Starting from the line with "Vintage Elvis Presley" and going up to and including the line with "Wholesale 100 cotton", copy the listing below exactly. Leave all images out.

RECORDS FOR THE EXERCISE →
Start of Block
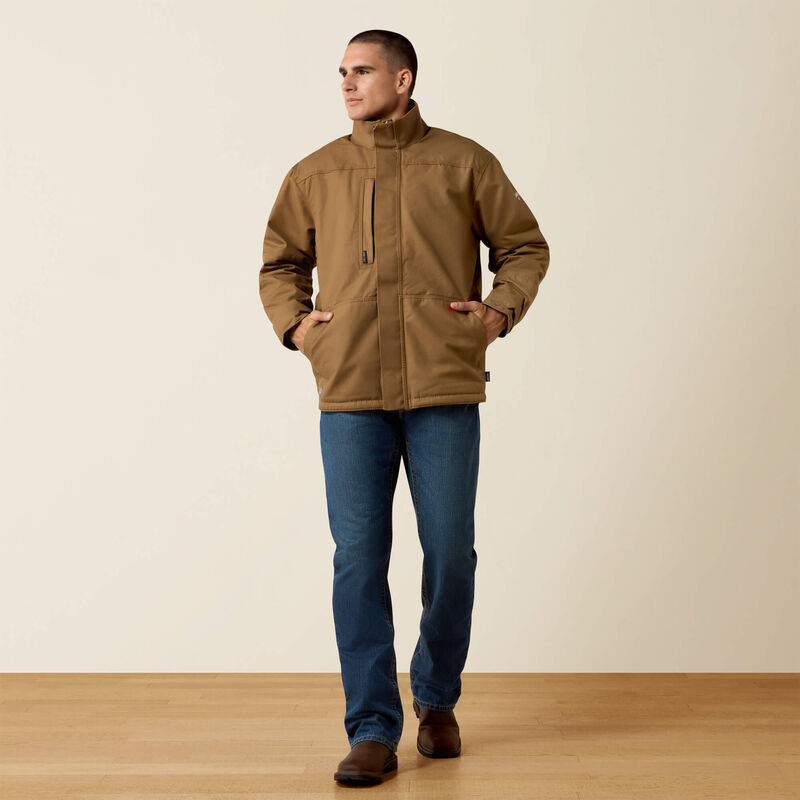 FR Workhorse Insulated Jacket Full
End of Block
Start of Block
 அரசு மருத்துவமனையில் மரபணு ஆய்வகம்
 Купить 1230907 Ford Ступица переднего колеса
End of Block
Start of Block
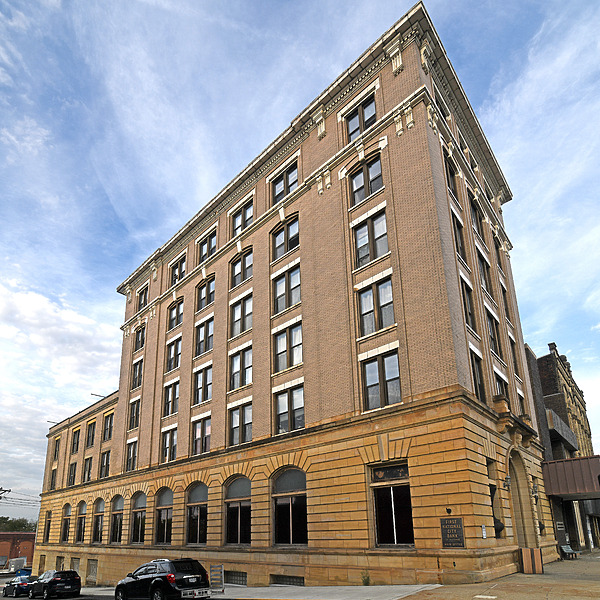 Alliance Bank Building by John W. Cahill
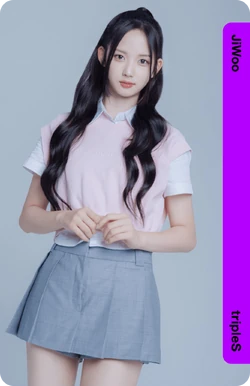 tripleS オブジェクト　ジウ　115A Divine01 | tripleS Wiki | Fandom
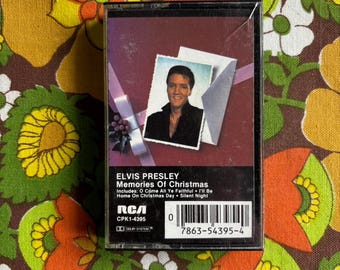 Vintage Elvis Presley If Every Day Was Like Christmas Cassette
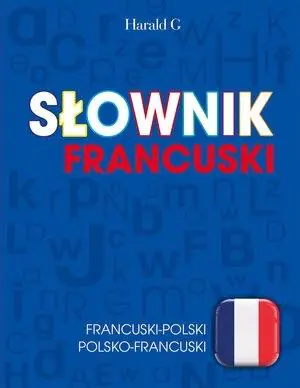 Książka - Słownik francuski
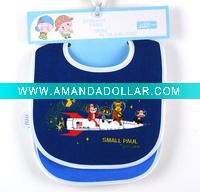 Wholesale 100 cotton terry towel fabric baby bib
End of Block
SOLUTION FOR THIS TASK →
 Vintage Elvis Presley If Every Day Was Like Christmas Cassette
 Książka - Słownik francuski
 Wholesale 100 cotton terry towel fabric baby bib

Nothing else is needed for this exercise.